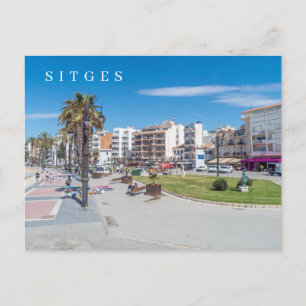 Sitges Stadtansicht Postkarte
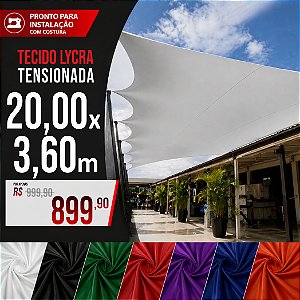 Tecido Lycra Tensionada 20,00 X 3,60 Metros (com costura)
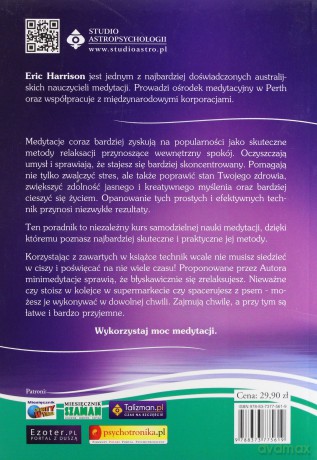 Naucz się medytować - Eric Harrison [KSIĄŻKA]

- - -

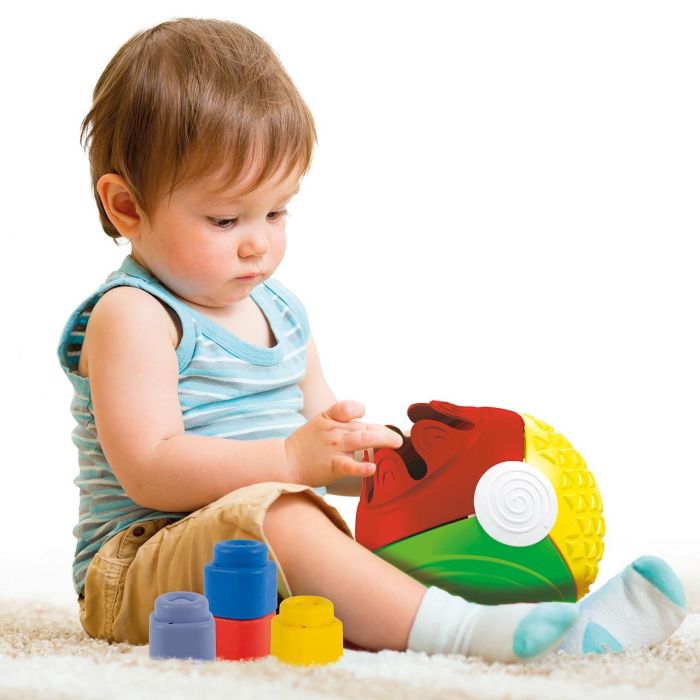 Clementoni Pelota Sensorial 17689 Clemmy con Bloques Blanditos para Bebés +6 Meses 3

- - -

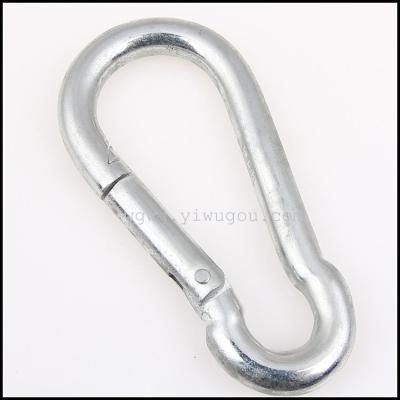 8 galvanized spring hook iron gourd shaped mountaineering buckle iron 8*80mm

- - -

A clean copy is needed of the lines in the listing above from the one with "Tecido Lycra Tensionada" through the one with "Naucz się medytować", exact in every word and free of pictures.

**Answer box:**
 Tecido Lycra Tensionada 20,00 X 3,60 Metros (com costura)
 Naucz się medytować - Eric Harrison [KSIĄŻKA]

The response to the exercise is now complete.